The passion for JERPA has found its way into everyone involved, from the brand ambassadors to Kraut and Thomas at the top. That sense of simply having fun, the strong inner drive and desire, is something Thomas has clung to.
“Whether I’m packaging products, shipping products, whenever I’m doing JERPA, it’s just my passion,” said Thomas. “It’s what’s fun for me.”
While it provided the company opportunities for growth, the onset of Covid-19 affected JERPA’S plans immensely. The company was in the process of selling its new joggers with a plan to focus on a huge campaign for them in the spring of 2020. The pandemic put to stop to that, and a low amount of sales put a strain on Thomas and Kraut’s timeframe.
However, they kept the energy going as much as they could. They kept sending out clothes to influencers and their ambassadors, and the exposure was seeing green. A small t-shirt campaign of 75 shirts sold out in an hour, meaning that JERPA was able to keep their brand going strong as the new semester came around.
JERPA’S new mask initiative has also provided a new avenue of exposure. Every hoodie and pair of jeans they sell comes with a free, JERPA-printed mask. Not only does this promote safety among their customers, but having their company plastered over masks that people will wear around is free marketing. Any masks that are purchased by themselves have all their profits go directly to a Covid response fund run by Penn State students.
There’s plenty of things JERPA is working towards. Their peak season of Black Friday to Christmas is coming up, a year after they exploded onto the scene around that same timeframe. With plans to get a massive amount of orders, they’ve made it a big short term goal to fully stock up on and improve products, especially their flagship Sherpa lined jeans.
The company is also hoping to acquire an official warehouse to store their products in.
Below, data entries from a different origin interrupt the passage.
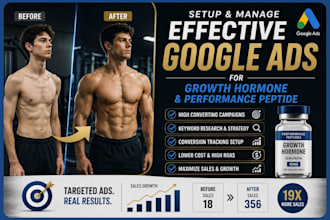 setup and manage effective google ads for growth hormone and performance peptide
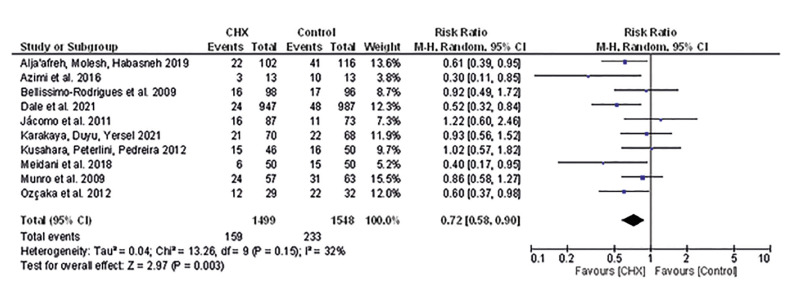 Does oral hygiene prevents nosocomial infections in hospitalized patients? A systematic review and meta-analysis.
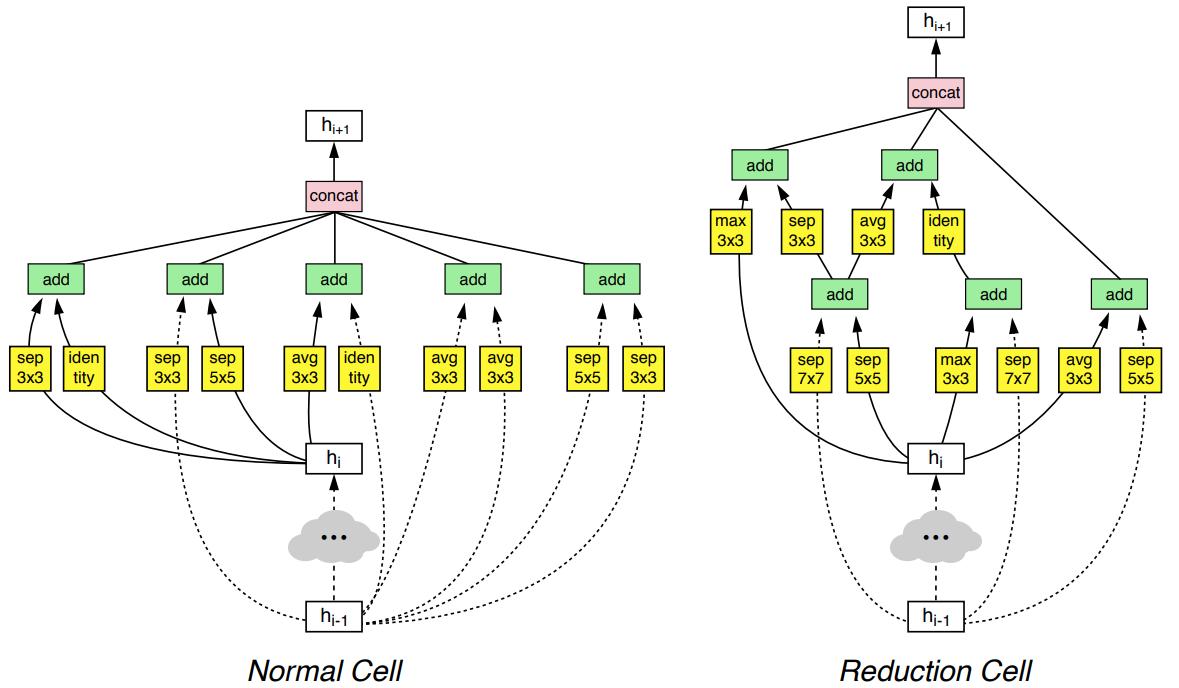 NASNet-A normal and reduction cells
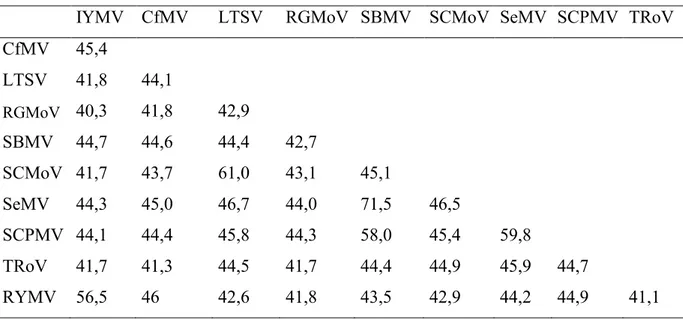 Tableau 2 : Pourcentage d’identité nucléotidique entre les differents sobémovirus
Currently, its warehouse is Thomas’ apartment, but a large, official storage space is near the top of JERPA’s short-term goals.
Both Thomas and Kraut both have their own dreams for the future, past this upcoming holiday season. Thomas is open to risks and failure, experimenting with different products and marketing methods in order to learn as much as he can.
“We’re so early on that nothing we do can be wrong. Even if we make a mistake, we can learn from it and move on,” Thomas said.
Kraut also has his own vision for JERPA. In his dreams, he envisions a JERPA outlet store alongside major brands like Ralph Lauren and Vineyard Vines with a greater emphasis on expansion and customer engagement.
“Obviously you have to start in retail stores, like a Neiman Marcus or a Bloomingdale’s,” Kraut said. “But having our own outlet, our own warehouse, having fun, and taking awesome videos — I can just totally envision that.”
The duo has also brought on a handful of underclassmen to keep the growth going. Along with that and the massive attention JERPA has been receiving from social media interactions and the media, Kraut sees a strong future for the company.
“I just don’t see it going away, these products are in demand,” Kraut said. “Things are just falling into place and we need to just keep running with it.”
With all the help that’s come his way, at the end of the day it’s still Thomas’ company. And with graduation creeping closer every day and plenty of job offers coming in, it’s been tough to figure out a concrete future for himself. But no matter where he ends up, there’s one thing Thomas knows he isn’t giving up.
“I’m continuing JERPA no matter what, it’s just a matter of going full time with it or double full-time with another job,” said Thomas. “The bad we know, it’s that I fail. But the good nobody knows in terms of the potential this has.”
Thomas and Kraut can’t say exactly what the future holds; no one has a crystal ball. But whatever happens, there will always been that soft, warm, cushion of Sherpa to lay down on.